ClosedResearch Grant

Funding for Development of Data Corpora for AI

Funded by:

German Research Foundation (DFG)

Grant Amount

EUR: 400,000Research Grant Per Project

EUR: 8,000,000Total Funding Available

Deadline

Jul 29, 2025

Expired

Est. Awards

20 Grants

Subjects

Computer ScienceSocial Sciences

Description

The DFG (German Research Foundation) is offering funding to support the development of data corpora for training artificial intelligence (AI). This initiative addresses the research community's needs, focusing on preparing and providing data as a foundation for AI advancement in research.

Objectives and Scope

The primary objective is to support the establishment of high-quality, extensive data corpora. These corpora should serve as a robust foundation for the development and application of AI methods in research. The aim is to enable research beyond individual projects and improve the provision of scientific information.

The scope of funding includes the compilation and extension of data corpora for AI. Projects may also focus on the conception of selection and quality criteria, and the implementation of quality assurance measures. Additionally, the reuse, adaptation, and application of data cleansing, aggregation, annotation, curation, and harmonisation procedures are within the scope.

Funded projects should ensure the compiled or extended data corpus is accessible through existing scientific information infrastructures. This includes adhering to established principles and standards like FAIR and CARE, and utilizing the National Research Data Infrastructure (NFDI).

Proposal Requirements

Proposals must be submitted in English to facilitate international review. The structure must follow the guidelines in the Proposal Preparation Instructions – Project Proposals in the Area of Scientific Library Services and Information Systems (DFG form 12.01). Applicants should also consult the Guidelines and Supplementary Instructions (DFG form 12.14).

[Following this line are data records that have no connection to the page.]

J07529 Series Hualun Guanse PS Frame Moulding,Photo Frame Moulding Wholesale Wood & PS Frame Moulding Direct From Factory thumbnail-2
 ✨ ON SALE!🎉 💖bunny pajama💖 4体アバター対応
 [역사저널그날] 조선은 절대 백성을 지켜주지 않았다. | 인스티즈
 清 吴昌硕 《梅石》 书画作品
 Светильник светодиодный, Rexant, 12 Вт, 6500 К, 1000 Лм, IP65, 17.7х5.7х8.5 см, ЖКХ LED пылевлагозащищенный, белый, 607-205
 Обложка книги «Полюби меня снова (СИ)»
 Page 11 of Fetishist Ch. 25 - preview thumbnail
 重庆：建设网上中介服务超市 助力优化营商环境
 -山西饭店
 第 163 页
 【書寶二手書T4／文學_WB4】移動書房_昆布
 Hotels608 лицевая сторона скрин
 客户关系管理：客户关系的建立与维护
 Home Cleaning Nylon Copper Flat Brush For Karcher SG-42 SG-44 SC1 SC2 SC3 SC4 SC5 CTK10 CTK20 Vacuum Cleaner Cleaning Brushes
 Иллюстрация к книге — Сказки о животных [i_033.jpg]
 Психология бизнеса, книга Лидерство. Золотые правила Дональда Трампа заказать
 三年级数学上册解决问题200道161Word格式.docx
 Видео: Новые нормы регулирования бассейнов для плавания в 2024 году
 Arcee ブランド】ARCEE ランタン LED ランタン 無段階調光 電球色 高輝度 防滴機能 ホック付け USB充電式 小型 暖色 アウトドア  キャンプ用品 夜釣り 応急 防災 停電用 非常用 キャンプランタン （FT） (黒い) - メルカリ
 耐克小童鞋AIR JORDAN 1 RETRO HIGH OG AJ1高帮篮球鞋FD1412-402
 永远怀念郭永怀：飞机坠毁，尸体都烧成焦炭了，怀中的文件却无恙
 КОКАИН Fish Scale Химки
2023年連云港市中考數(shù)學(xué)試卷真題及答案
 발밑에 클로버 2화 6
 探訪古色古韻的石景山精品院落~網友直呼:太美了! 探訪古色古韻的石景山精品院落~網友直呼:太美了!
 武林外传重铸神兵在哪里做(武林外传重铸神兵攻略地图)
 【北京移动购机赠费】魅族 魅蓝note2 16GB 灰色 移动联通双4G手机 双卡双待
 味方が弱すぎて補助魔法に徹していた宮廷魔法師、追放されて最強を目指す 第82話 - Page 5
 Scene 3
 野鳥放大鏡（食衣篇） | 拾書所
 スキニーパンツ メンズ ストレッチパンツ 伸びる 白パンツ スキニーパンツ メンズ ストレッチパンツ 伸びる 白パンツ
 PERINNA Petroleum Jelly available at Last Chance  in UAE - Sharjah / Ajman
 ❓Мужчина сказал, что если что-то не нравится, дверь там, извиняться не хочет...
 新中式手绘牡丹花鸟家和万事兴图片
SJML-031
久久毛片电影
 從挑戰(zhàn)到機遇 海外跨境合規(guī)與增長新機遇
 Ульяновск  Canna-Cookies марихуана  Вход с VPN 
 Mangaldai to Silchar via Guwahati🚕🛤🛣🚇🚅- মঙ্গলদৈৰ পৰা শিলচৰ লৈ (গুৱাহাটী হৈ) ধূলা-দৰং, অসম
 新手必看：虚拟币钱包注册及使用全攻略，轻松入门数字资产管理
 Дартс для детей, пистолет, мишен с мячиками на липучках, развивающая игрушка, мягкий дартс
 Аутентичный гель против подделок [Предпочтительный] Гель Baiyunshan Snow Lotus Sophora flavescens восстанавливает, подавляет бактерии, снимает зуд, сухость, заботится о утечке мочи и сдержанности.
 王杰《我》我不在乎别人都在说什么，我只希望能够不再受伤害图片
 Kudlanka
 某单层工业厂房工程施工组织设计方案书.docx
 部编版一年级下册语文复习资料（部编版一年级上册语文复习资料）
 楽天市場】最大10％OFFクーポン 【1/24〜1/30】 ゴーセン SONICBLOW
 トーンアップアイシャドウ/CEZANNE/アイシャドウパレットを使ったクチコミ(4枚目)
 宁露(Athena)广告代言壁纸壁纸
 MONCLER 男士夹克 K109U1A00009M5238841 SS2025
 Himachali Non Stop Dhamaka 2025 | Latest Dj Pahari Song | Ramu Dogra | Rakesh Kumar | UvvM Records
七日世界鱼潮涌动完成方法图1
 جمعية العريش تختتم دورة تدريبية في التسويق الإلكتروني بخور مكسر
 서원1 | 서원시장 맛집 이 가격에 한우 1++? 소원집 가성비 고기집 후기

The project description should detail how the planned corpus will support AI development and application. It should also demonstrate the need for the proposed corpus, illustrating use cases that will be enabled through the data. A clear explanation of the corpus composition and justification for data selection is required.

Applicants must outline the criteria for assessing data quality, aligning with accepted standards and FAIR/CARE principles. The proposal should specify the desired data quality and format, detailing the methods to achieve the targeted standard. Long-term accessibility and curation plans for the corpus are essential.

Funding Details

Applicants can request funding for staff, direct project costs, and project-specific workshops. The maximum funding available is €400,000 per project. Funding for investments is not available. The total funding available under this call is up to €8 million.

Projects can run for a maximum duration of two years. The compiled data corpus must be published under a license that allows free use for research purposes. Availability and access to the corpus should be as open as possible for scientific users.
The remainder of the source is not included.